» Directions for this task
In the data below, find the line containing "Kelly Green Check", then set down that line and every later line up to and including the line containing "Elizabeth Holmes Real", exactly.

» Available data
▬▬▬

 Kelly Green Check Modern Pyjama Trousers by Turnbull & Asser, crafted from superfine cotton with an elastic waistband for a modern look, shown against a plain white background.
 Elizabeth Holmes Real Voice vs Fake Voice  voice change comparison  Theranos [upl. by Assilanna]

▬▬▬

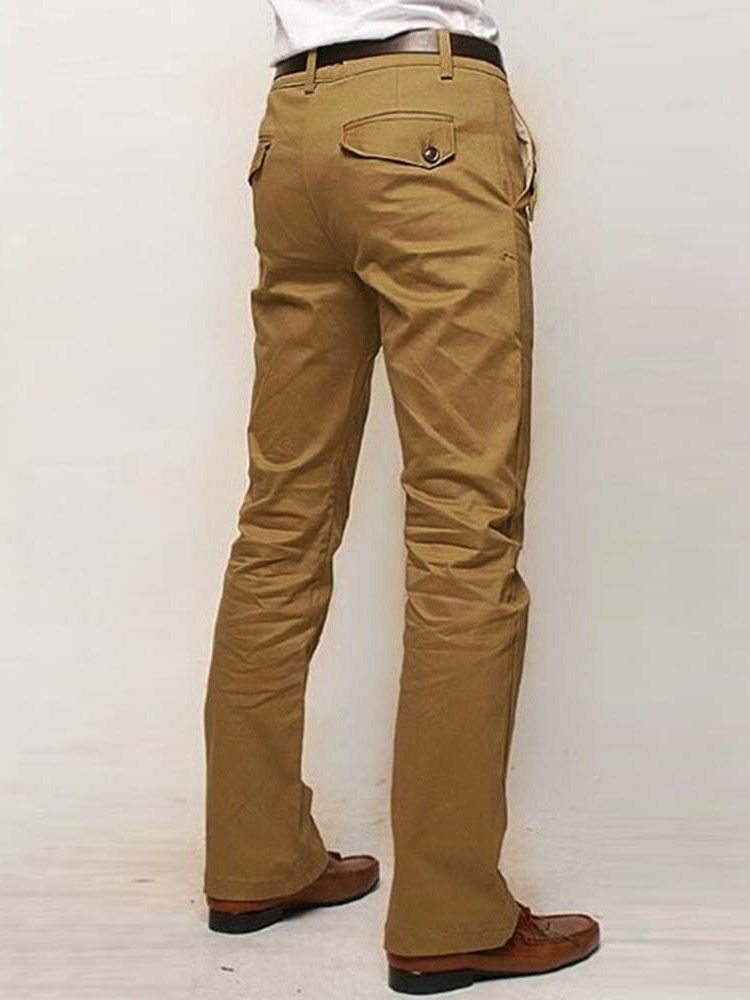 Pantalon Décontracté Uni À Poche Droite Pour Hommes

▬▬▬

» Written solution
 Kelly Green Check Modern Pyjama Trousers by Turnbull & Asser, crafted from superfine cotton with an elastic waistband for a modern look, shown against a plain white background.
 Elizabeth Holmes Real Voice vs Fake Voice  voice change comparison  Theranos [upl. by Assilanna]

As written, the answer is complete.